En fait, considérant qu'il était difficile de demander à
des rédactions habituées à travailler pour des audiences
nationales, de faire des journaux adaptés à un auditoire
étranger, M. Jean-Paul Cluzel a préconisé la mise en place
d'un dispositif propre à Téléfi, indépendant de
France Télévision, appelé " socle " dans son
rapport. Celui-ci aurait été alimenté par les images de
France Télévision, de l'UER, d'Euronews, ainsi que par celles des
agences spécialisées, tandis que ses services de rédaction
s'appuieraient sur ceux de France Télévision et de RFI.

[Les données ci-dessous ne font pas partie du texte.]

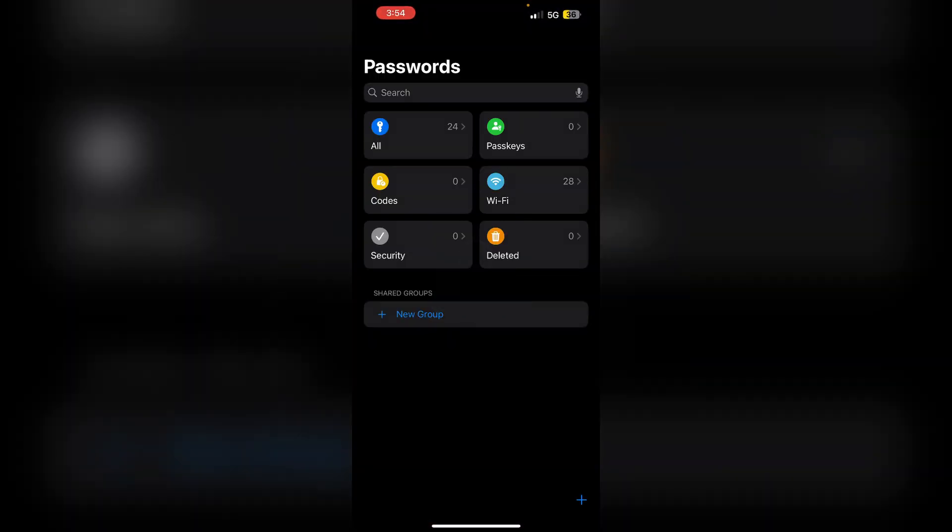The app also alerts users about compromised passwords and enables password sharing within groups. Its simple layout features a search bar for easy access, making it simpler to create, save, and manage passwords securely across Apple devices.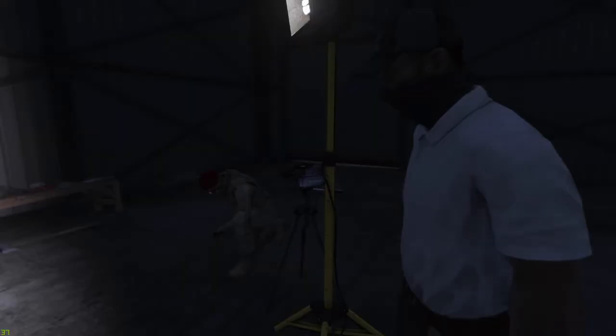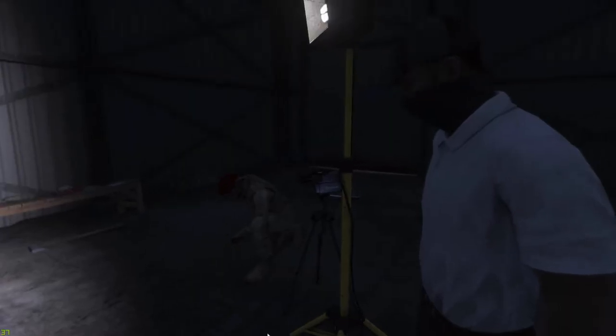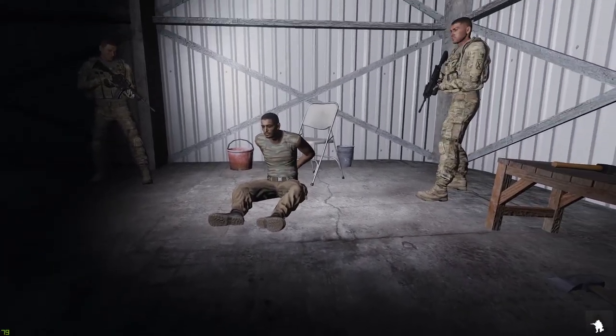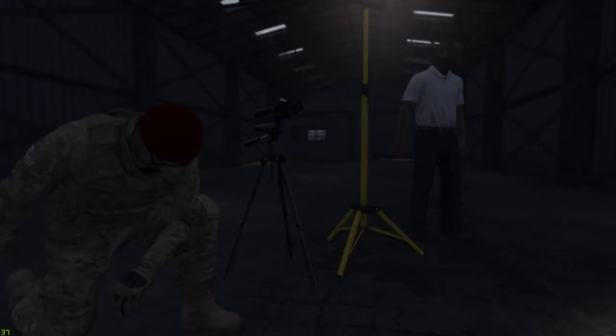How's it going? Well, my new friend here had a lot to say. He's been very cooperative.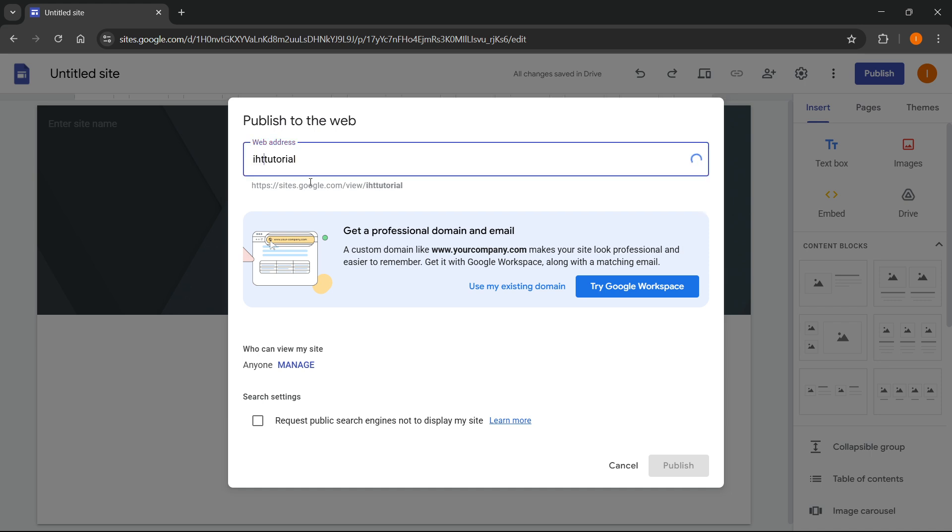So I'm just going to make it IHT tutorial. So instant how to, there we go. And as you can see, you get this blue check mark, which means that's now working.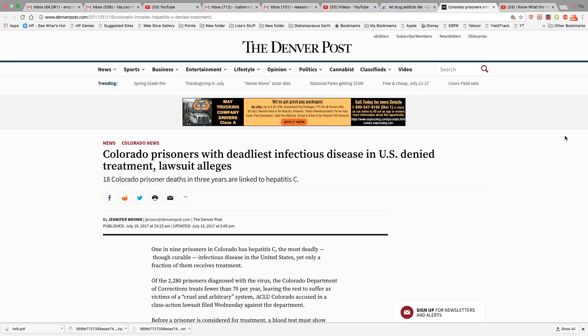Colorado was also called out in 2016 for not treating people with hepatitis C that were poor and on Medicaid. So right now the ACLU is suing.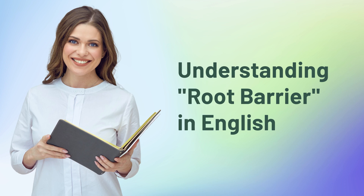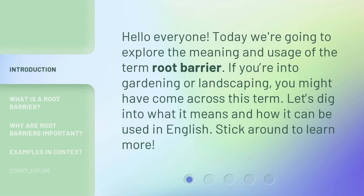Understanding Root Barrier in English. Hello everyone, today we're going to explore the meaning and usage of the term root barrier. If you're into gardening or landscaping, you might have come across this term. Let's dig into what it means and how it can be used in English. Stick around to learn more.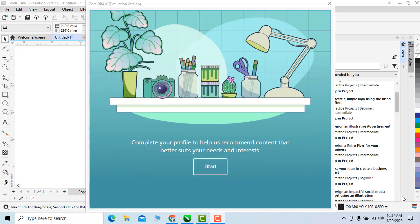After installation of CorelDraw 2023, when we run it for the first time, this screen will appear. This is the profile screen from here we can make our profile so that CorelDraw can help us during designing according to our profile.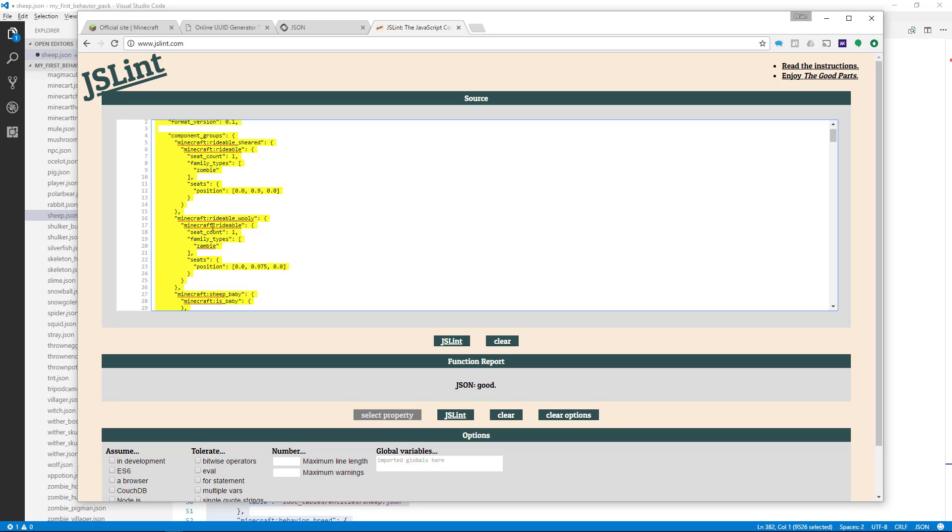A linter is a great way to check your JSON formatting. If you can rule out JSON formatting, that's one step closer to getting accurate code.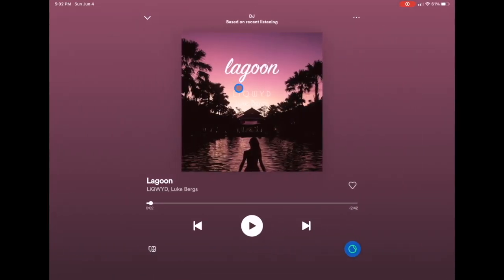I just wanted to make this video to clear that up. Let me know if you have any questions about Spotify or about DJing on the iPad. If you want to actually learn how to DJ or learn how to use auto mix in DJ Pro AI, subscribe to my channel and check out my other videos. Thank you.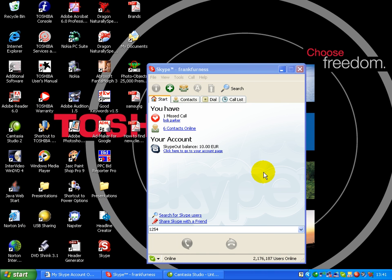Right now, I want to speak about a great free program called Skype, S-K-Y-P-E, Skype.com. You know what this does? If anyone else has got a Skype phone or they download this program, you can phone them free anywhere in the world.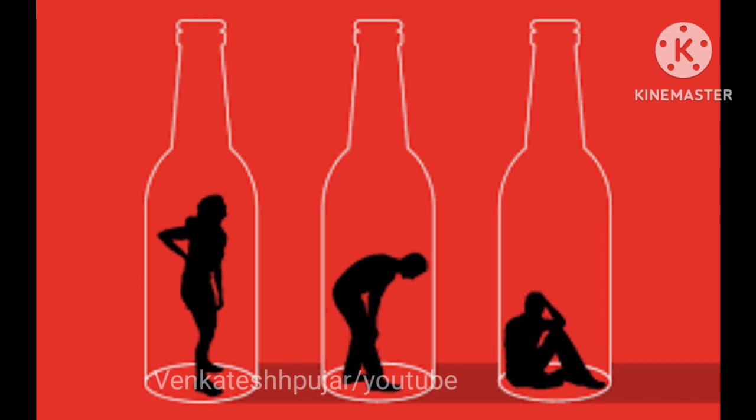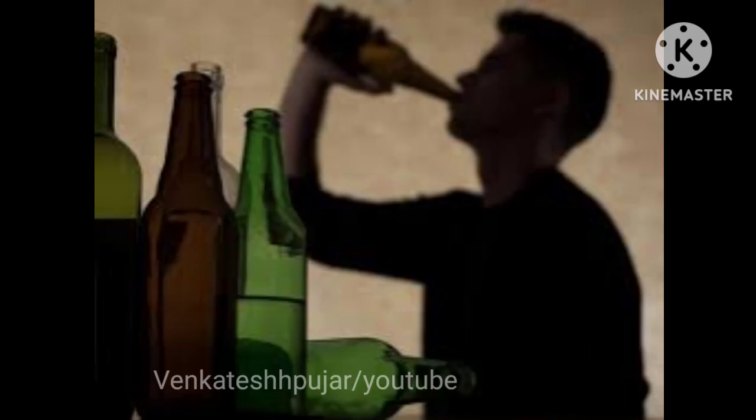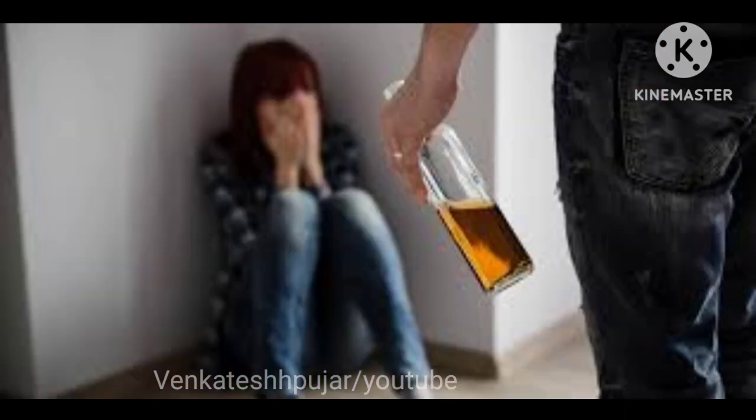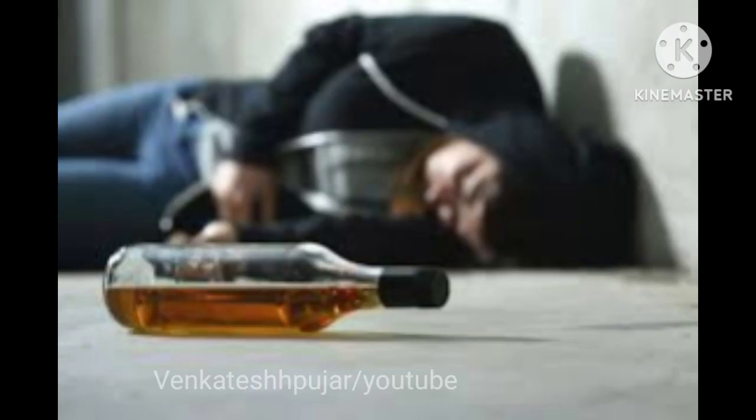Alcohol withdrawal symptoms are symptoms that occur when someone stops using alcohol after a period of heavy drinking. Symptoms of alcohol withdrawal can vary widely in severity.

Cependant, Téléfi aurait privilégié les
réseaux de correspondants de RFI et de l'AFP, nettement plus
étoffés que ceux de France Télévision. Enfin,
Téléfi et France Télévision auraient pu s'associer
pour couvrir avec des images propres certains grands événements
car il est important de ne pas dépendre uniquement de sources
anglo-saxonnes " dans des situations que ces dernières
négligent ou traitent avec un parti pris marqué. Le coût de
ce " socle " serait d'environ 50 millions de francs,
mais en
tenant compte des redéploiements, le solde à financer serait plus
faible, de l'ordre de 10 à 20 millions de francs.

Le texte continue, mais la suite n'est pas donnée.